■ Task directions ■
What is needed is an exact copy of the records below, minus any pictures.

[Data entries]
—————

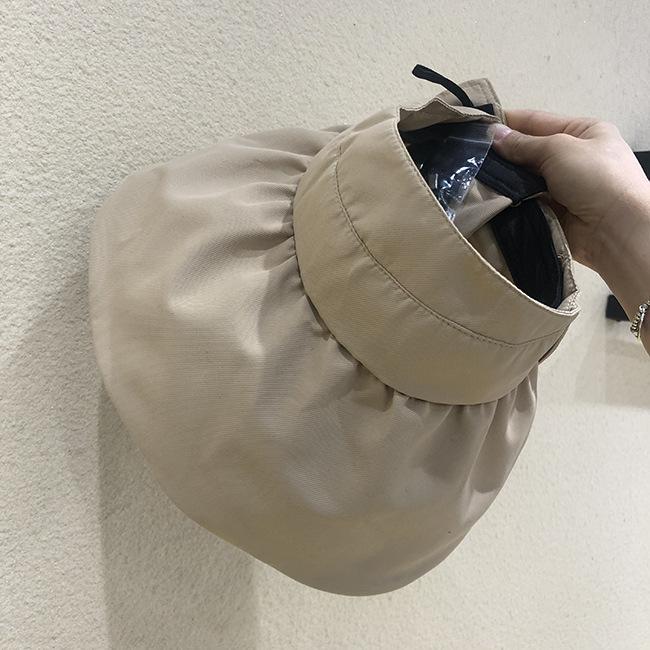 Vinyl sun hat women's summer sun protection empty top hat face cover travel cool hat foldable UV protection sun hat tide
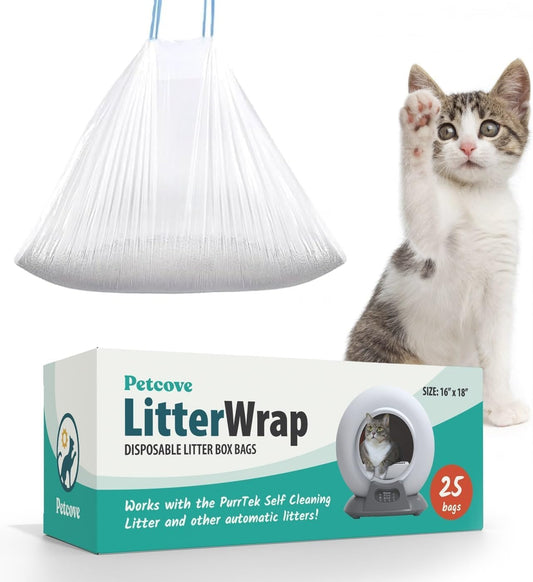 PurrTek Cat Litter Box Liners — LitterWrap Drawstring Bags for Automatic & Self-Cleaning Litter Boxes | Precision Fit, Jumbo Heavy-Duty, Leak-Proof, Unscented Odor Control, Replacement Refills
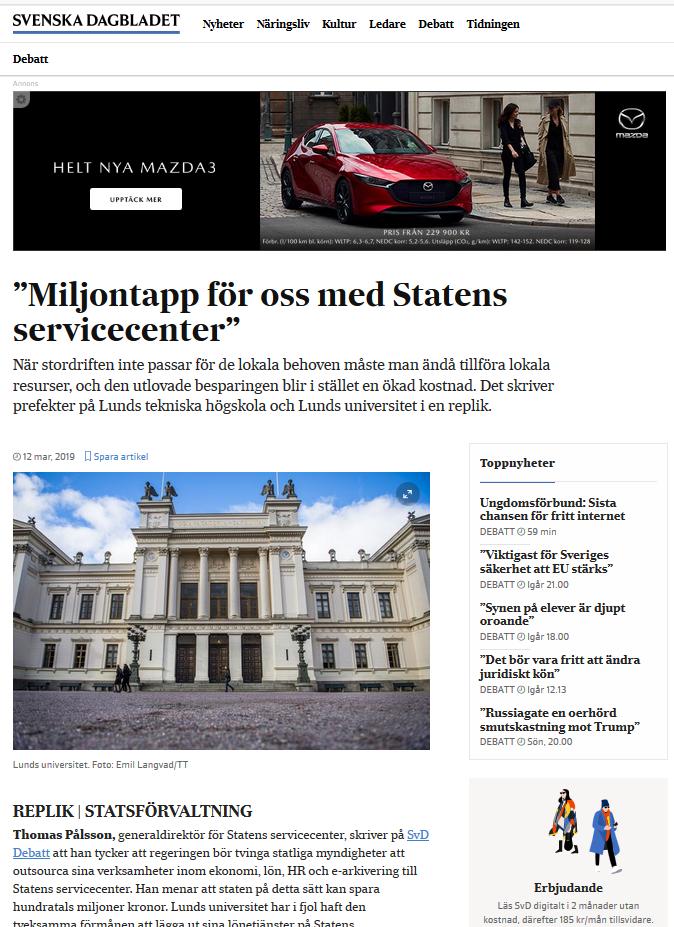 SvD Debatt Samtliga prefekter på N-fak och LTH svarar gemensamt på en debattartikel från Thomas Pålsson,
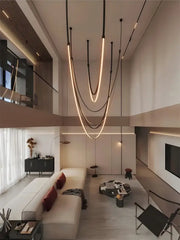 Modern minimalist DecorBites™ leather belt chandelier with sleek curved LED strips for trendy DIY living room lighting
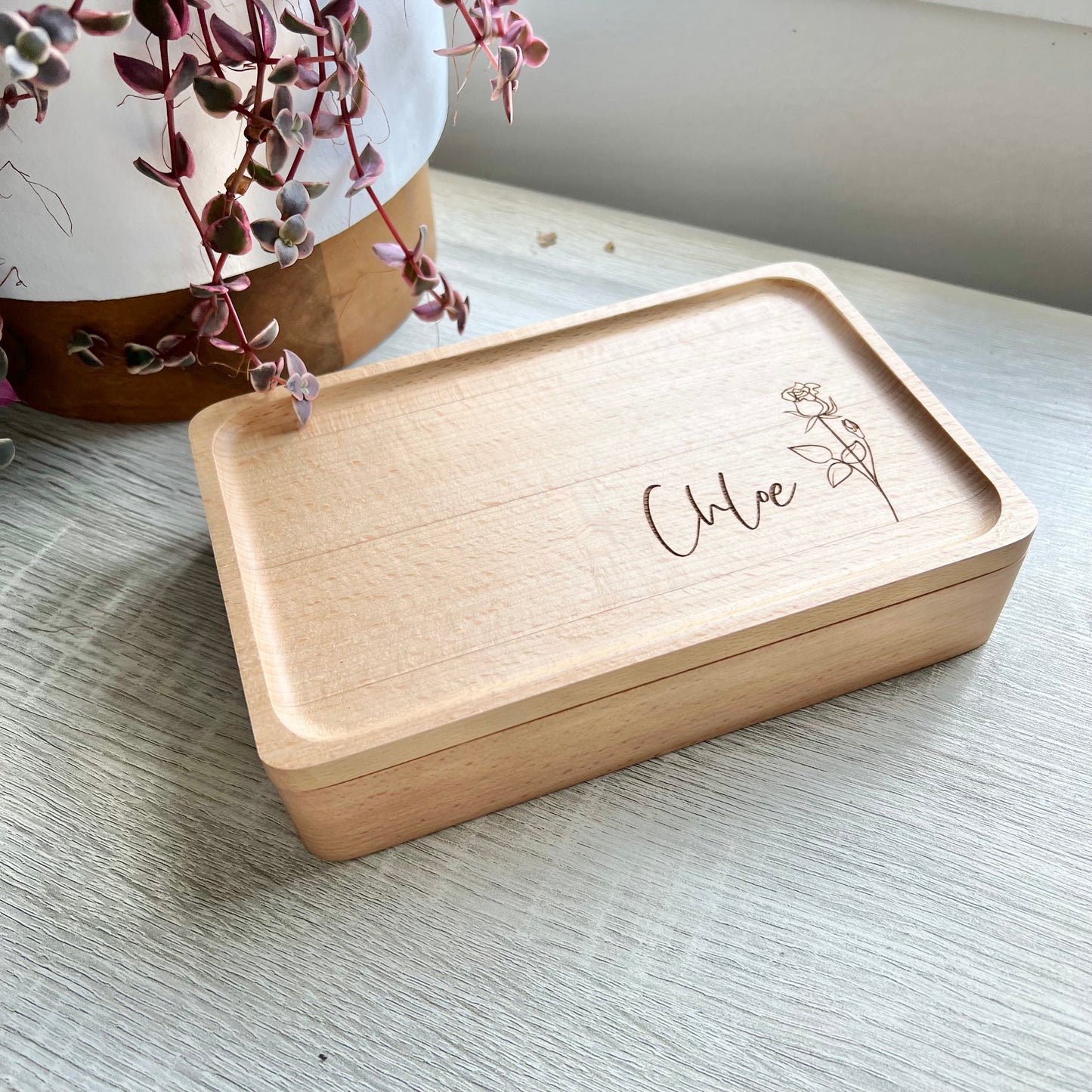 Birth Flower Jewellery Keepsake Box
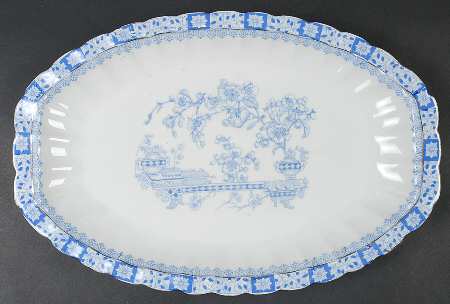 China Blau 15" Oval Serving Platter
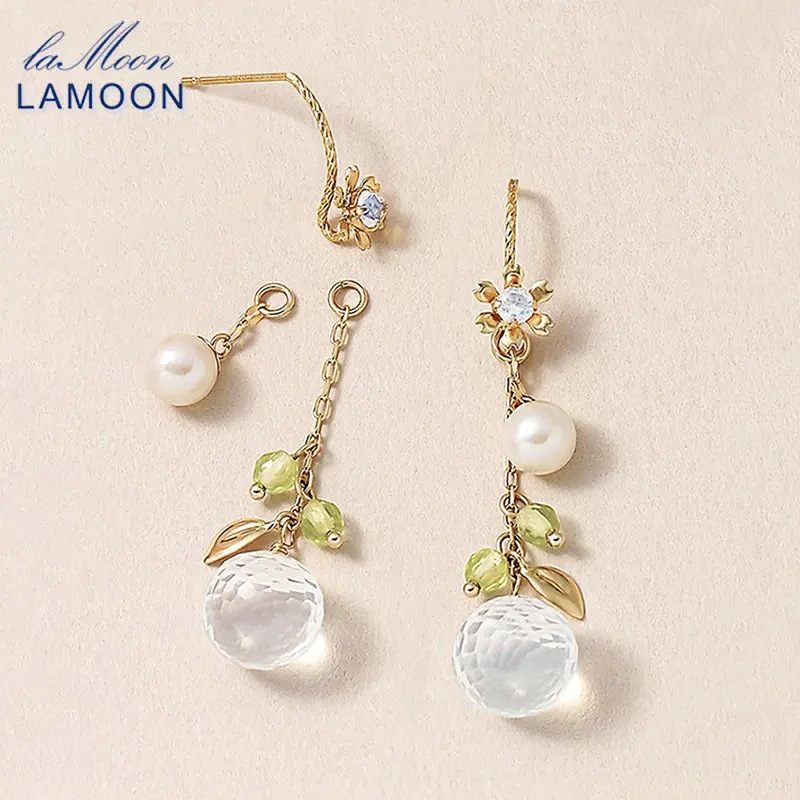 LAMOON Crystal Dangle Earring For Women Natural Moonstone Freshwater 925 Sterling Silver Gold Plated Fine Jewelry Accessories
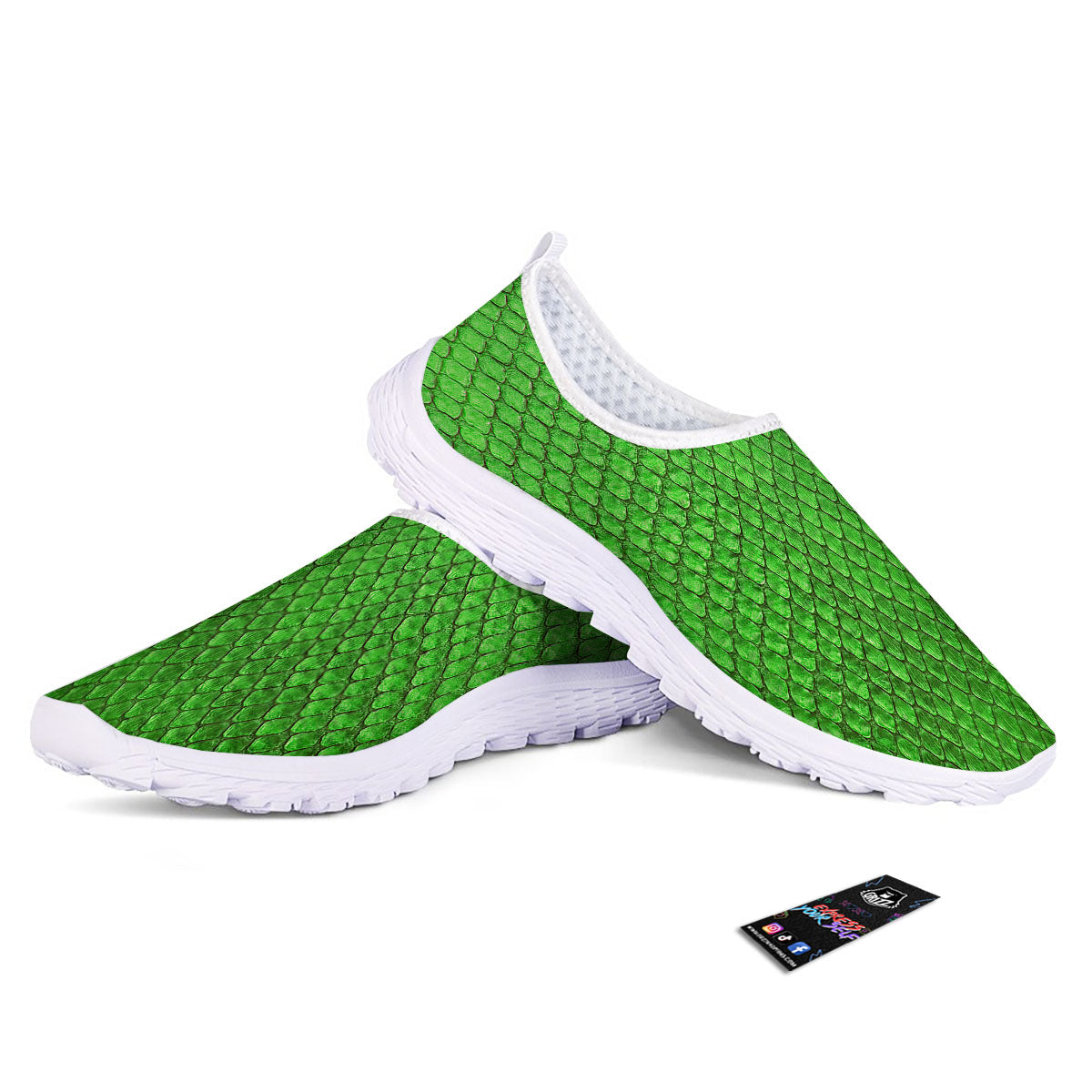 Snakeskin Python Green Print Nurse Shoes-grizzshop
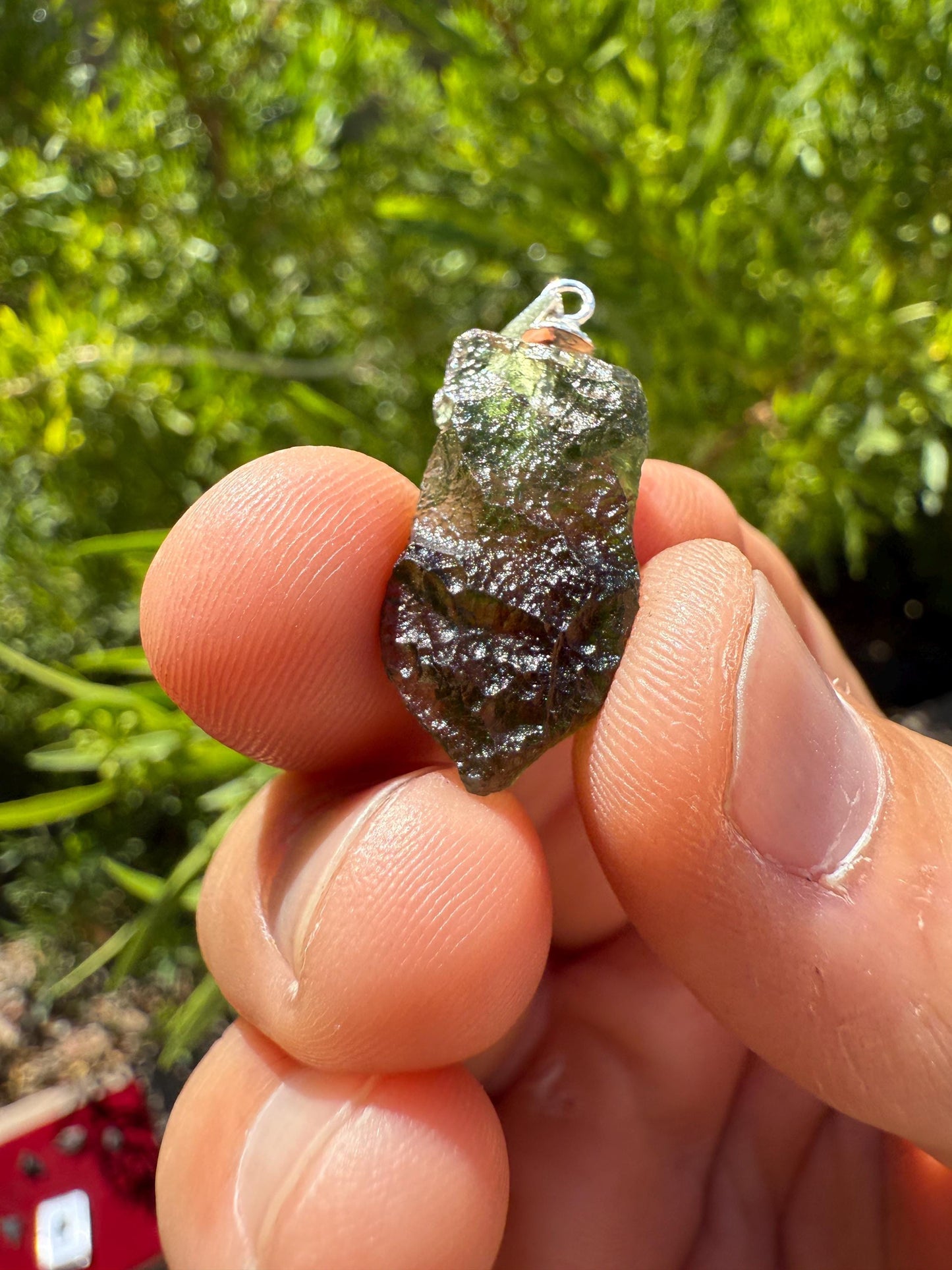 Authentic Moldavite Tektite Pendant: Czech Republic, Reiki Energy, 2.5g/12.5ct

—————

■ Task answer ■
 Vinyl sun hat women's summer sun protection empty top hat face cover travel cool hat foldable UV protection sun hat tide
 PurrTek Cat Litter Box Liners — LitterWrap Drawstring Bags for Automatic & Self-Cleaning Litter Boxes | Precision Fit, Jumbo Heavy-Duty, Leak-Proof, Unscented Odor Control, Replacement Refills
 SvD Debatt Samtliga prefekter på N-fak och LTH svarar gemensamt på en debattartikel från Thomas Pålsson,
 Modern minimalist DecorBites™ leather belt chandelier with sleek curved LED strips for trendy DIY living room lighting
 Birth Flower Jewellery Keepsake Box
 China Blau 15" Oval Serving Platter
 LAMOON Crystal Dangle Earring For Women Natural Moonstone Freshwater 925 Sterling Silver Gold Plated Fine Jewelry Accessories
 Snakeskin Python Green Print Nurse Shoes-grizzshop
 Authentic Moldavite Tektite Pendant: Czech Republic, Reiki Energy, 2.5g/12.5ct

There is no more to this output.